Data files, code, and results for Genetic Algorithm Challenge by @Sirajology on Youtube
Use the TPOT library to make a discovery based on a question you pose. The question should be based on the Kaggle Climate Change Dataset (compiled from Berkeley Earth), but you get to choose the question.
The Climate Change Dataset on Kaggle contains several data files for land and ocean temperatures both globally and locally. I chose to address the following question:
What will the monthly global average temperatures be for the next 5 years?
I chose to use the file, GlobalTemperatures.csv, which contains global average land temperatures in celsius for months from 1750-2015. Here is my process:
-
I cleaned the data using the script clean_data.py to produce a .csv file with features that I wanted TPOT to use and no missing data. The main feature I was interested in was the date (dt, in the original data file). I split the date column in to year, month and day.
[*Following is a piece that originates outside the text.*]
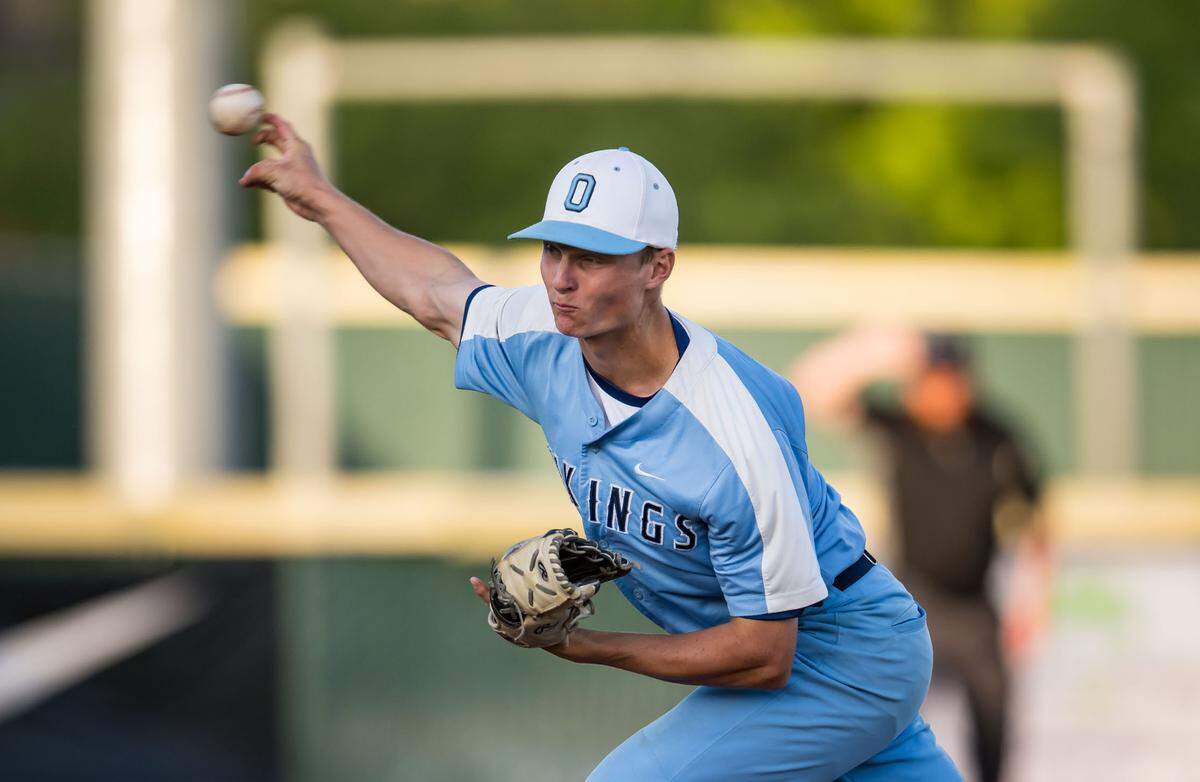 Oakmont Vikings pitcher Kurt Marton (2) throws against Woodland Wolves batter Aidan Olsen (21) during the bottom of the fifth inning of the CIF Sac-Joaquin Section Division IV high school baseball championship game Wednesday, May 24, 2023, at Sacramento City College. Oakmont beat Woodland, 10-0, for the section title.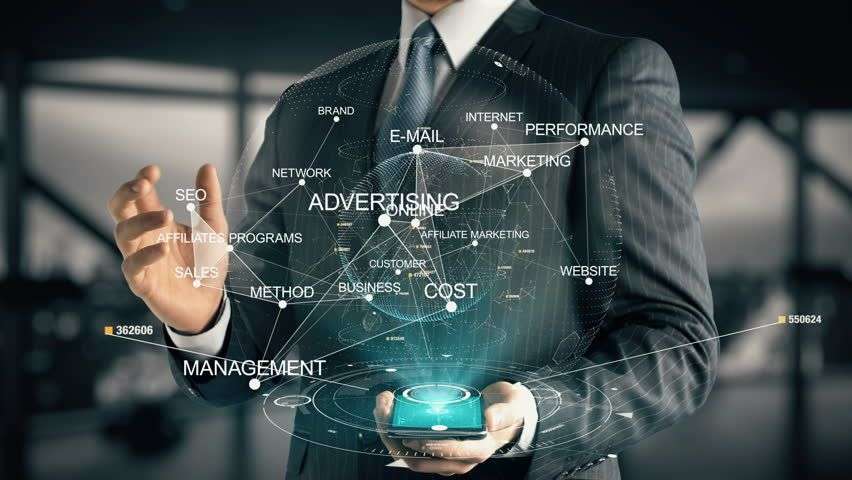 Businessman with holographic digital marketing interface.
Here, I also renamed the target variable (LandAverageTemperature) as 'class'. The output of clean_data.py is cleaned_globaldata.csv.
-
I created a "fake" .csv file containing the years and months for which I wanted to make temperature predictions. This .csv file is called global_test.csv. The original data only runs until the year 2015, so in order to predict temperatures for the next 5 years, my test file contains dates for 2016-2020.
-
I wrote the script tpot-climate.py that read in the cleaned temperature data (cleaned_globaldata.csv), and applied the TPOT library to create a machine learning pipeline for predicting temperatures. This script also takes the test file of dates for which the temperature should be predicted (global_test.csv), and outputs the results file climate_results.csv with these predictions. It also outputs the TPOT optimized pipeline to climate_pipeline.py. The file output.txt is the standard out from running the tpot-climate.py script.
-
I used the outputted, optimized pipeline to see how it would perform when asked to predict monthly global land temperatures on the original data. I did this in predict_current.py to produce original_data_predictions.csv.
-
With all of the predictions from the optimized pipeline, I created some visualizations to understand TPOT's performance, and the climate data.
The resulting optimized pipeline from TPOT implemented FeatureAgglomeration and GradientBoostingRegressor, scoring 0.6283690079003942 MSE on the cross-validation portion of the training data.
The original data set (cleaned), shows that the global land temperature has been gradually increasing over time (averaged by year, below).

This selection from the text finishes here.